SAN DIEGO - With two oarfish washing ashore in Southern California last week, scientists are wondering why and if an urban legend that they could be predictors of the next big earthquake is true.
"Oarfish are a very exotic, strange, rare fish so when they do appear, they lead to speculation," geologist Pat Abbott told 10News.
An oarfish washed ashore in Oceanside on Friday, and a few days earlier, one turned up off Catalina.
The oarfish, the likely source of sea serpent myths throughout the ages, is a subject of superstition in Japan.
According to traditional Japanese lore, the oarfish surface and beach themselves to send a sign of an impending earthquake.
"I don't discredit or disrespect the Japanese theory at all," said Abbott. "The science and study just isn't there.

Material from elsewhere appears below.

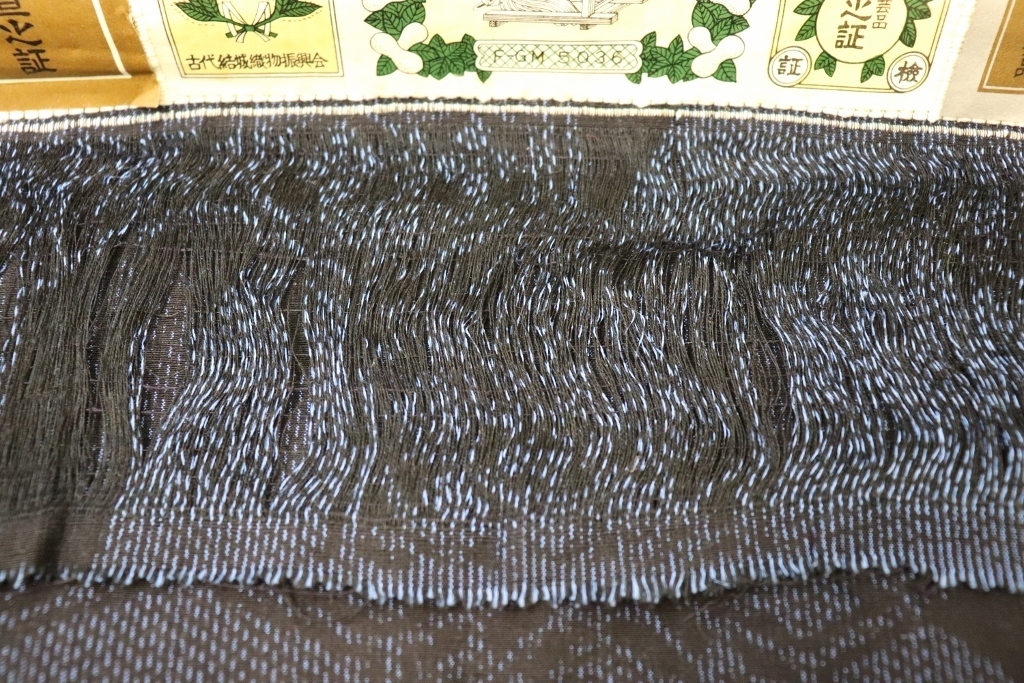 古代結城紬　証紙付き　絹100％　古代技術工芸品　結城紬　反物　幅38㎝　ハンドメイド　着物　和装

There's a big difference between suggesting something like that and proving it. What did an animal sense that maybe we didn't that told them about a coming event?"

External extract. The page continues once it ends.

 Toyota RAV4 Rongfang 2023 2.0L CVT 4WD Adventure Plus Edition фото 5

The UK's Telegraph newspaper reported that after the big earthquakes in March of 2010 in Haiti and Taiwan that 10 oarfish washed up in Japan. The problem is the big earthquake in Japan did not happen until exactly a year later in March of 2011.
However, there is no scientific proof or theories that bottom-dwelling fish may be susceptible to movement in seismic fault lines.
"Reports on other animals sensing earthquakes before they happened have been done, that elephants sensed something and went uphill in Indonesia and India and other countries before a quake, you think really? And that is why studying their behavior needs to be done," said Abbott.
The appearance of the fish off Catalina and Oceanside has scientists wondering why and trying to figure it out. For now, there are more questions than answers.